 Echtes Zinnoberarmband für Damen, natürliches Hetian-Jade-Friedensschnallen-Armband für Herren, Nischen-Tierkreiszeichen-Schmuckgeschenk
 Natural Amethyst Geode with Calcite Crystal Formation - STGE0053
• • • • •
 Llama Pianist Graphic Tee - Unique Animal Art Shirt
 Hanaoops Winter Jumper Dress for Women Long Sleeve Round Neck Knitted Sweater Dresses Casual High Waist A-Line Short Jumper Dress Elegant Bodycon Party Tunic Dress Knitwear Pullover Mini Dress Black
• • • • •
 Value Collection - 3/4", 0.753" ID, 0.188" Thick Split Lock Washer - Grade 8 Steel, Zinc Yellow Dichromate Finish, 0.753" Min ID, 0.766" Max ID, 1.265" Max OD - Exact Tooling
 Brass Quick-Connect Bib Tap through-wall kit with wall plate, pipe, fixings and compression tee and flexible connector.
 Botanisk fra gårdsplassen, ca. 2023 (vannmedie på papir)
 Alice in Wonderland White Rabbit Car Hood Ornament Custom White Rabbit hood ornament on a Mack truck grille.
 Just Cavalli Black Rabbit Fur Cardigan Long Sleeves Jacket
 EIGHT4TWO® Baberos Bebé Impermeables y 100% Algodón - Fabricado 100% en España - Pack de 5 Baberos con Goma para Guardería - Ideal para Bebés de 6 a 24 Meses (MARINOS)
• • • • •
### WORK INSTRUCTIONS
Using the records above, gather all lines where the string "Rabbit" is present.

### SOLUTION TO THIS TASK
 Alice in Wonderland White Rabbit Car Hood Ornament Custom White Rabbit hood ornament on a Mack truck grille.
 Just Cavalli Black Rabbit Fur Cardigan Long Sleeves Jacket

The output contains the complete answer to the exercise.